Chapter 19

The Man in the Yellow Suit enters the Tuck home and for a moment just stares at each member of the family. His face is expressionless, but there is something unpleasant behind it even though he tells Winnie she is safe and he is coming to take her home. Jesse is outraged at the way the Man begins to order them around in their own home, but Angus tells him to hush and let the Man speak his piece. So, the Man in the Yellow Suit begins to tell his story.

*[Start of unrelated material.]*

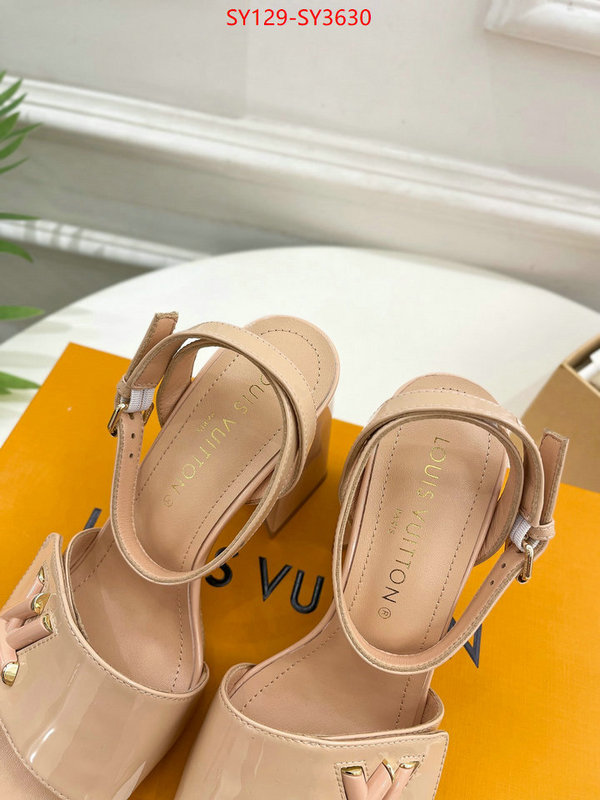 Women Shoes-LV buy replica ID: SY3630 $: 129USD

He explains that when he was growing up, his grandmother told him a story about a dear friend of hers and her family who never seemed to get any older. The wife of one of the sons eventually left him in fear that they were all witches. They recognize that the Man’s mother had played as a child with Miles’ daughter, Anna. This makes Mae call out that the Man has no right bringing such pain into their house. But the Man in the Yellow Suit soothes her by asking her to hear him out. He goes on to say that he decided to devote his life to finding out if the story his grandmother told could be true. He went to school and studied everything he could on the subject, but finally concluded that it was a waste of time. He went home and brought his grandmother a music box. The gift reminded her of the music box that her friend had had, the friend that didn’t grow old. His grandmother taught him the melody of that long ago music box, and at that point, the Man knew it was clue. He set out to find the family, following the route they were said to have taken when they left their farm.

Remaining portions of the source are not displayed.